### Your objective
The finished copy should match every record exactly and contain no pictures.

Data in this exercise: Begin

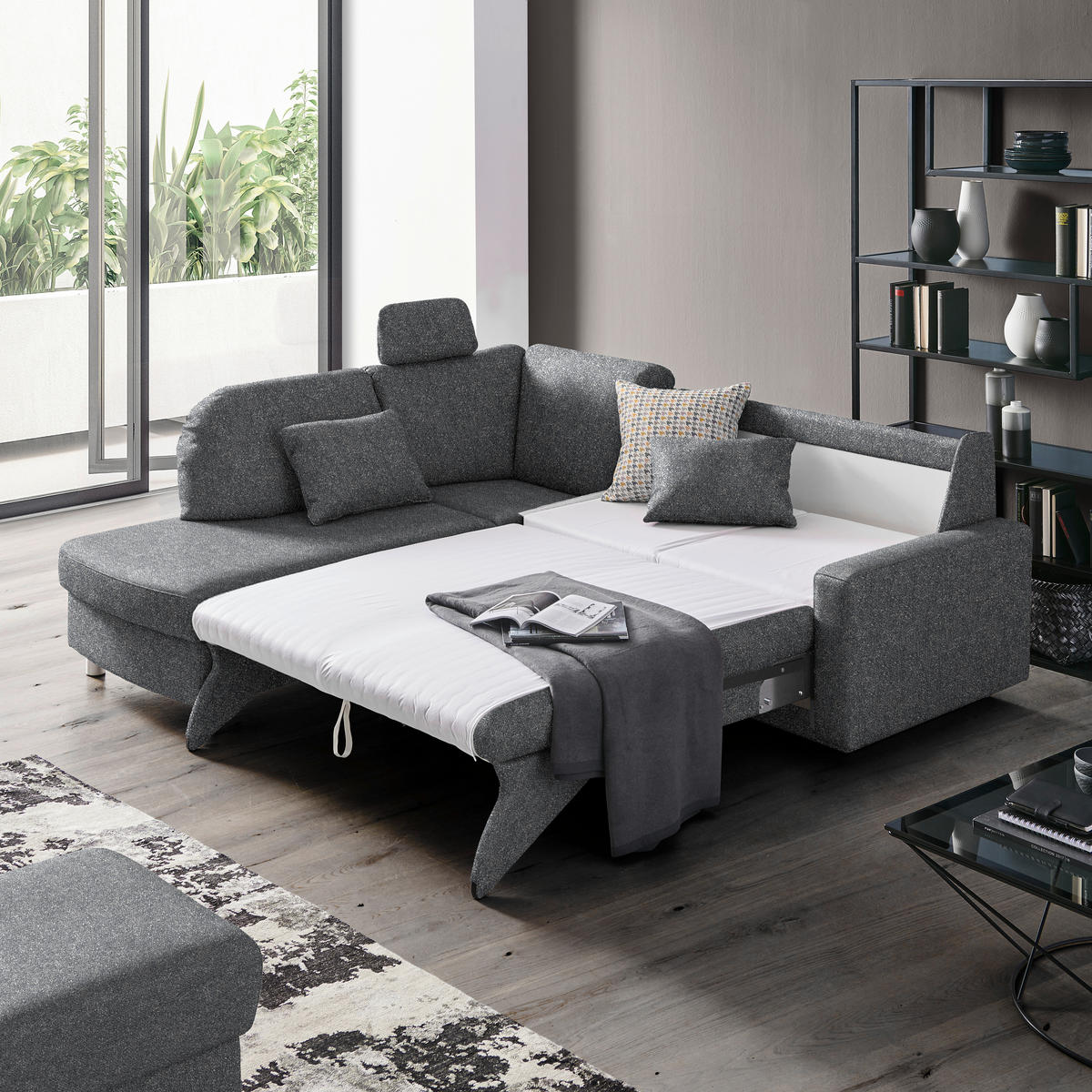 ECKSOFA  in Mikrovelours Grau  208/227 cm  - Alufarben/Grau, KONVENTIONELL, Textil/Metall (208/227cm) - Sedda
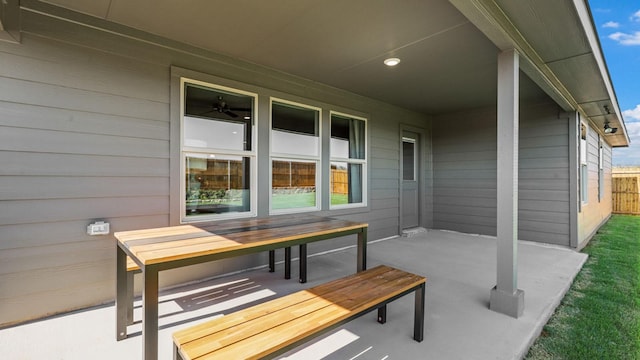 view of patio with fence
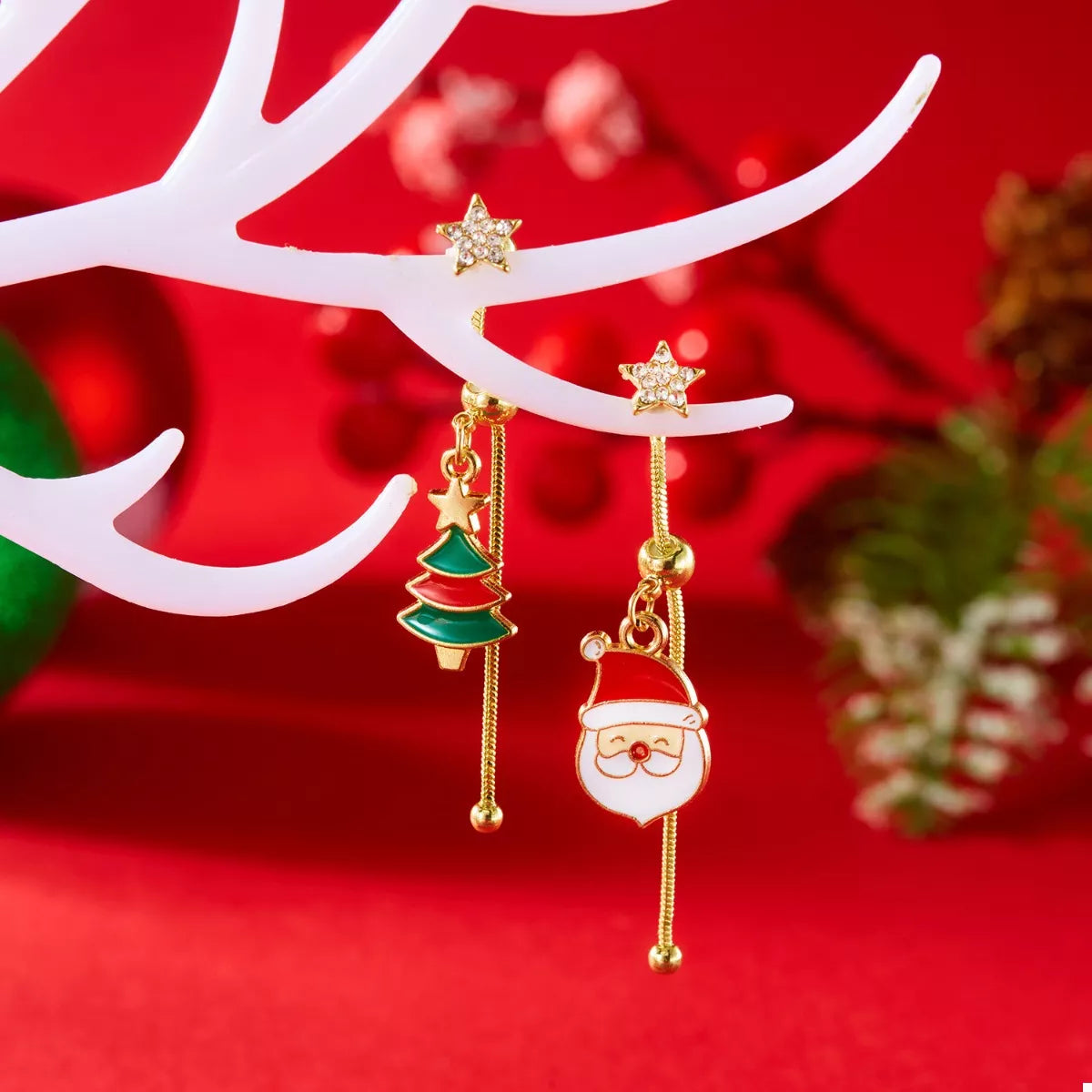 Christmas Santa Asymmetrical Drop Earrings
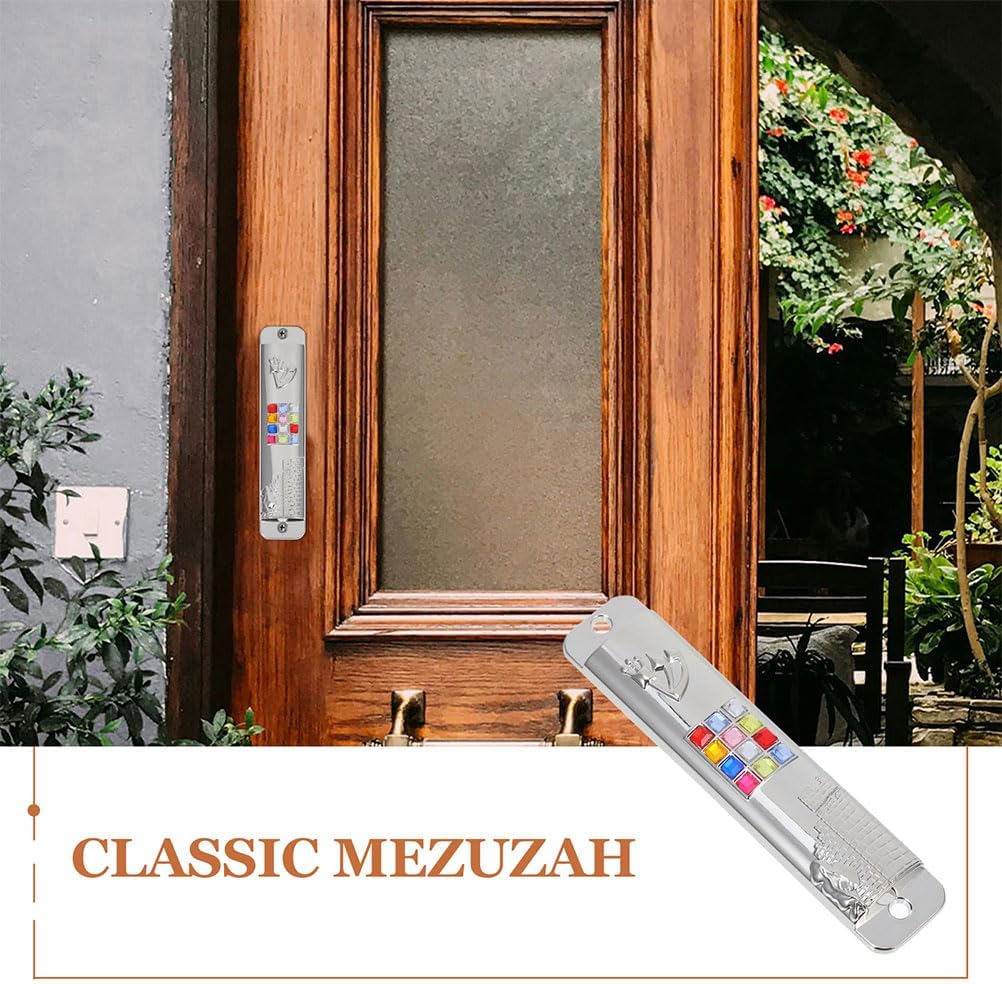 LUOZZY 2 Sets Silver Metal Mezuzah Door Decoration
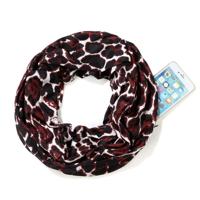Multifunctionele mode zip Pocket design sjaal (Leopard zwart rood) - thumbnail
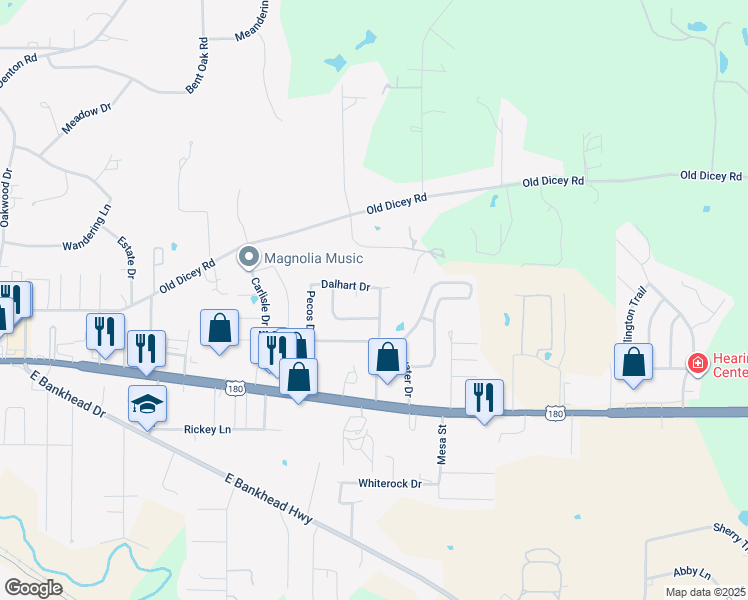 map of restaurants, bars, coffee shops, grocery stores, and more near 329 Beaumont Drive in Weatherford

Data in this exercise: End

### Answer box
 ECKSOFA  in Mikrovelours Grau  208/227 cm  - Alufarben/Grau, KONVENTIONELL, Textil/Metall (208/227cm) - Sedda
 view of patio with fence
 Christmas Santa Asymmetrical Drop Earrings
 LUOZZY 2 Sets Silver Metal Mezuzah Door Decoration
Multifunctionele mode zip Pocket design sjaal (Leopard zwart rood) - thumbnail
 map of restaurants, bars, coffee shops, grocery stores, and more near 329 Beaumont Drive in Weatherford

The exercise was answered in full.